The bonus is based on 10-year Canadian bond rates plus 1.5% (previously 1%). “We launched the variable bonus in February and decided to adjust it because many experts foresee a rise in long-term interest rates. We want to ensure that our clients benefit from these increases,” André Langlois, vice-president Marketing and Product Development, Individual Insurance and Savings at Desjardins Insurance, told The Insurance and Investment Journal in an interview. Langlois points out that guaranteed withdrawals are very interest-rate sensitive.
The insurer also slightly lowered the management expense ratio of funds offered in Helios2. For example, the MER for the conservative fund portfolio was pared from 2.64% to 2.51%, while the MER for the Maximum Growth portfolio dropped from 2.87% to 2.71%. “The smallest decrease is about 0.13%, but for some funds it is approaching 0.30%,” Langlois says. “These decreases appear modest but position us favourably vis-à-vis the competitors.”

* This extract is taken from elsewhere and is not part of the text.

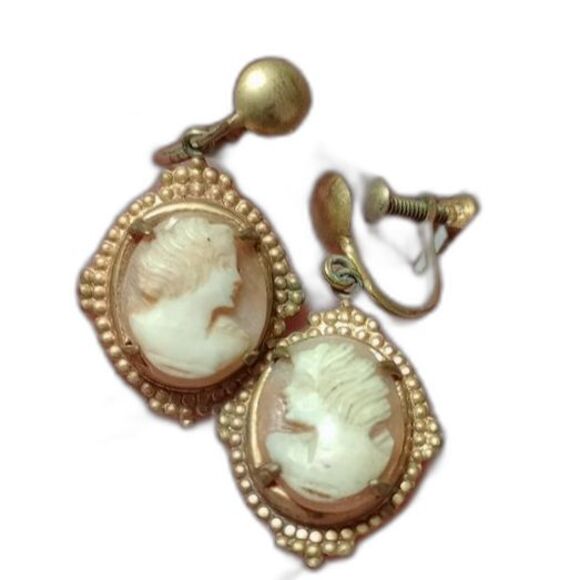 ANTIQUE Jewelry - Antique Victorian Lady Profile Cameo 14K GoldPlated Earrings Dangle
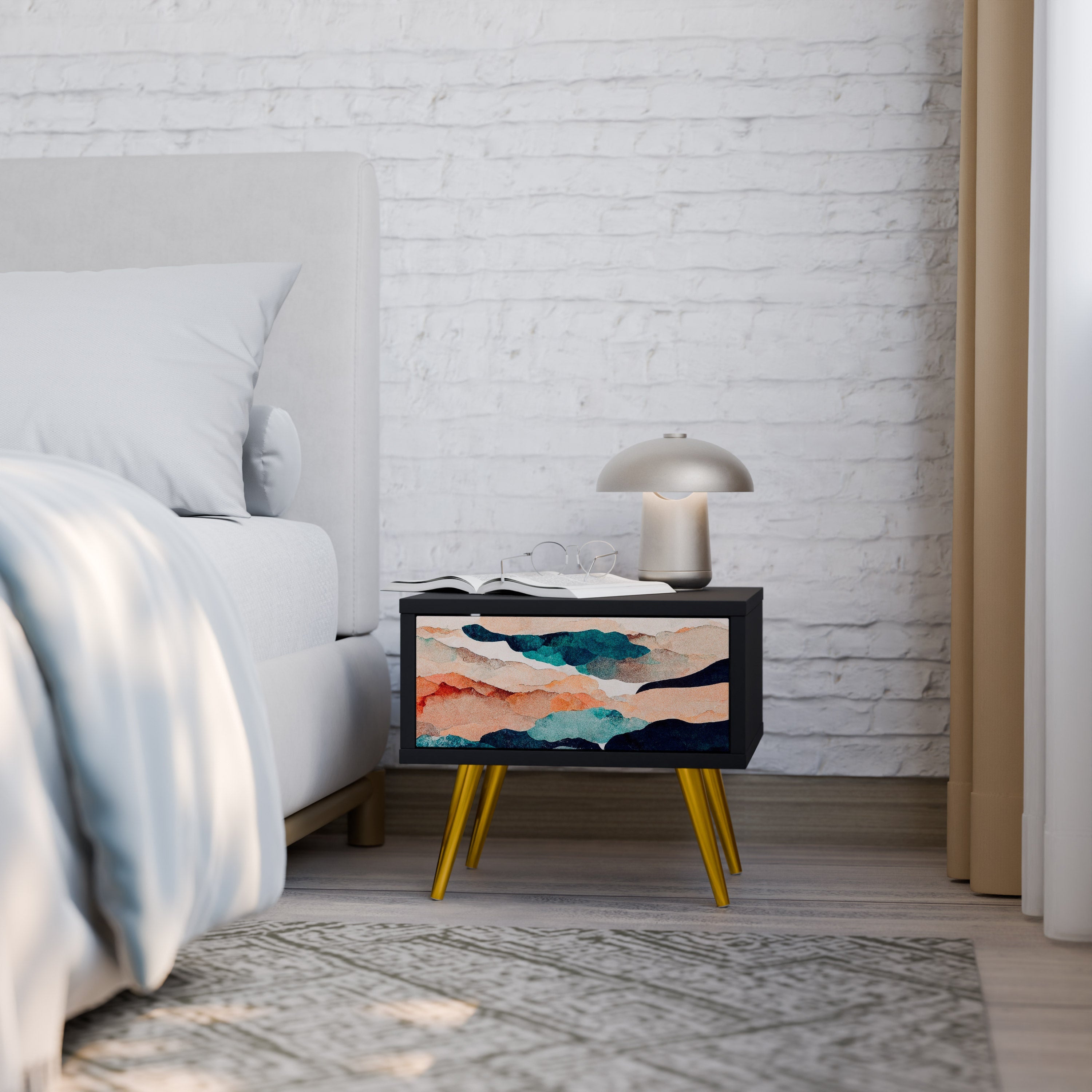 Table de chevet PAYSAGE ABSTRAIT en finition noire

Langlois considers these costs appropriate for the guarantees offered and the current capital rules. “We all talk about interest rates in the industry, but volatility remains an equally important issue even if it seems to be lower these days. In 2008 it was enormous, and new regulatory capital standards are now in place, which take into account potential turbulence. Most insurers now have risk hedging programs, in which financial instruments can offset market fluctuations by continuing to offer guaranteed withdrawals at reasonable costs,” he explains.
In contrast, the payout chart is unchanged (see table below). “We could have adjusted it but it is already comparable to those of our competitors,” Langlois points out. “We thought that we could make the product most attractive by letting our clients participate in the market during the accumulation period.”
Desjardins’ rivals in the guaranteed lifetime withdrawal field are Canada Life, Empire Life, Sun Life and Great-West. Others who have left this market are Manulife Financial, Industrial Alliance, SSQ Financial Group, Standard Life (recently acquired by Manulife) and Transamerica Life Canada. Their products succumbed to persistent long-term interest rate and tightening of capital rules.
Helios2 clients can combine two contracts to meet the minimum deposit requirement of $250,000, applicable to Series 7 products. Contract holders can allocate the lump-sum amount between registered and unregistered funds, and contracts with different guarantees. The minimum is now $100,000 for holders with assets of at least $150,000 in their Helios or Helios2 contract.
Another promotion that runs until March 31, 2015 lets clients deposit into a new contract a minimum lump sum of $10,000 rather than $25,000. The insurer also plans to launch a reduced redemption charge (Series 6B) in early 2015. The minimum additional deposit for existing contracts will increase from $100 to $500, according to the comparative chart available in the product information service InsuranceINTEL.